Precautionary Principle and Lockdown Love
Already in March 2020, economists considered lockdowns to be worthwhile. Their reasoning was a glorified version of the precautionary principle. Several research teams
quantified how large the economic damage would have to be for lockdowns to be beneficial on net. Using epidemiologists’ guesses of how many lives lockdowns might save, these analyses calculated the dollar value of the life years saved by lockdowns.
In the early days of the epidemic, there was fundamental scientific uncertainty about the nature of the virus and the risk it posed. Faced with this uncertainty, many economists (joining other scientists less well trained in thinking about decision-making under uncertainty) adopted a peculiar form of the precautionary principle. The implicit counterfactual exercise in these analyses took at face value the output from compartment models with
dubious assumptions about critical parameters, such as the infection fatality rate from the model and compliance with lockdown policy. Unsurprisingly, these early analyses concluded that lockdowns would be worthwhile, even if they were to cause extensive economic disruptions.
Applied to the COVID crisis, the precautionary principle says that when you have scientific uncertainty, it may make sense to assume the worst-case about the biological or physical phenomenon you want to prevent. This is what the early economic analyses of lockdowns did by taking at face value the early estimates produced by epidemiological models (such as the Imperial College Model) of alarming COVID deaths in the absence of lockdowns.
The idea was that since we do not know with certainty, for instance, about the infection fatality rate, immunity after infection, and the correlates of disease severity, it is prudent to assume the worst. Therefore, we must act as if two or three out of a hundred infected people will die; there is no immunity after infection; and everyone, no matter what age, is equally at risk of hospitalization and death after infection.

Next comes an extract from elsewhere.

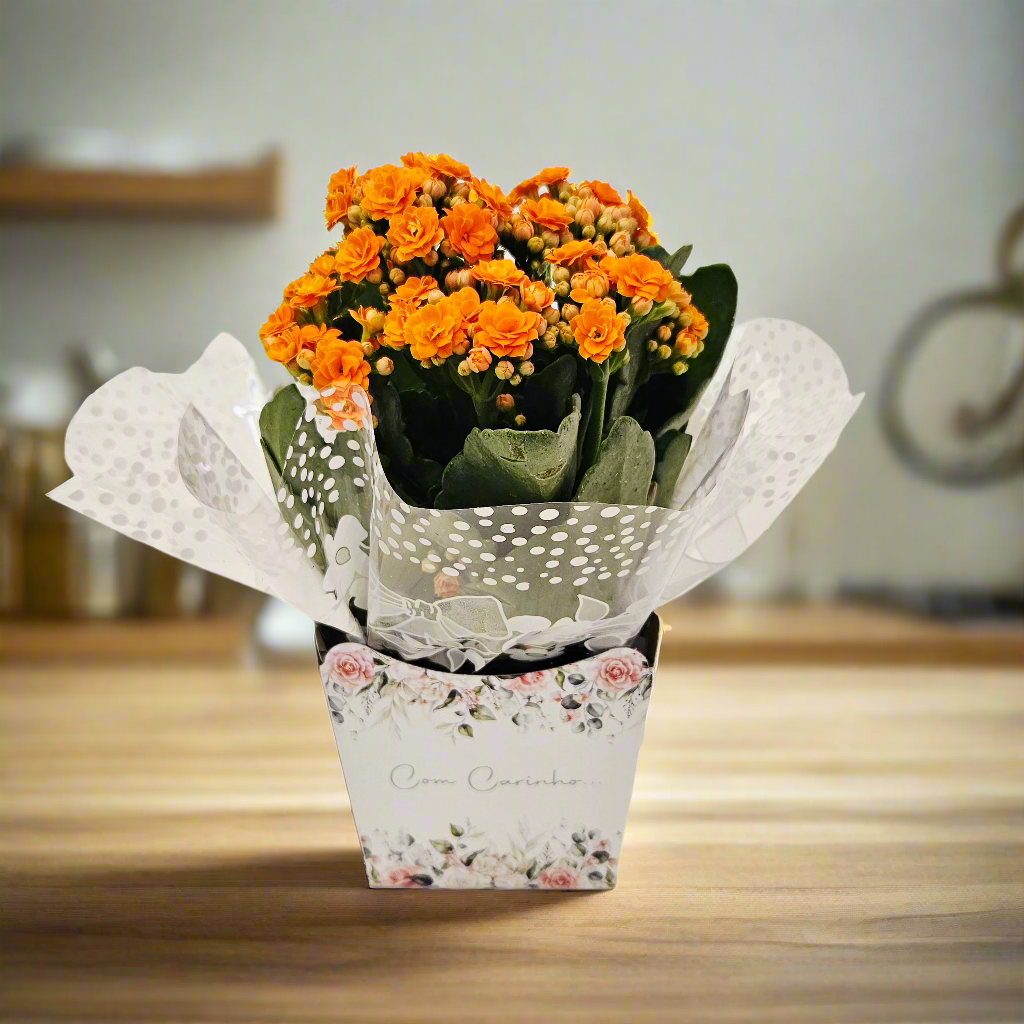 Vaso de Flor da Gortuna (Kalanchuê) Pote 11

Every one of these extreme suppositions turned out wrong, but of course, we could not have known that with certainty at the time, although there was already some evidence to the contrary. Scientific uncertainties are notoriously hard to resolve in advance of the time-consuming scientific work to resolve them, so maybe it was prudent to assume the worst. Unfortunately, fixating on the worst-case scenario then spurred long-lasting unfounded fears among the public and economists.
This all sounds very reasonable, but there was a curious asymmetry in the application of the precautionary principle in these analyses. With the benefit of hindsight, it should be clear that this application of the precautionary principle to the uncertainties of March 2020 was shockingly incomplete.

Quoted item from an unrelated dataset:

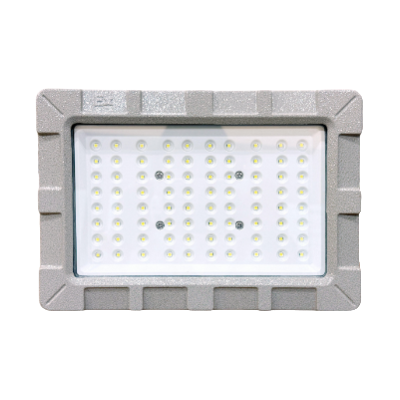 Explosion-Proof LED Light
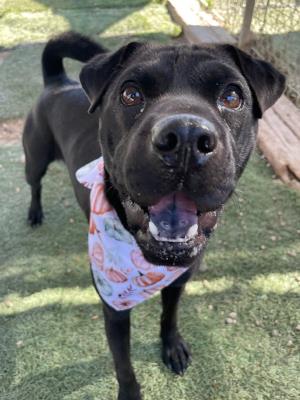 La Brea / Luna (5968) #5968: Female Dog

In particular, it was not reasonable to assume the best case about the harms from the interventions you want to impose while at the same time accepting the worst case about the disease.
There are harms from the lockdown policies that any responsible economist should have considered before deciding that lockdowns were a good idea even then. A consistent application of the precautionary principle would have considered the possibility of such collateral lockdown harms, assuming the worst as the principle dictates.
In the panic of March 2020, economists assumed the best about these collateral harms. They adopted the implicit position that the lockdowns would be costless and that there was no other choice but to enforce lockdowns, at first for two weeks and then for as long as it might take to eliminate community disease spread.
Under these assumptions motivated perhaps by a curiously asymmetric application of the precautionary principle, economists stayed silent while governments adopted lockdown policies wholesale.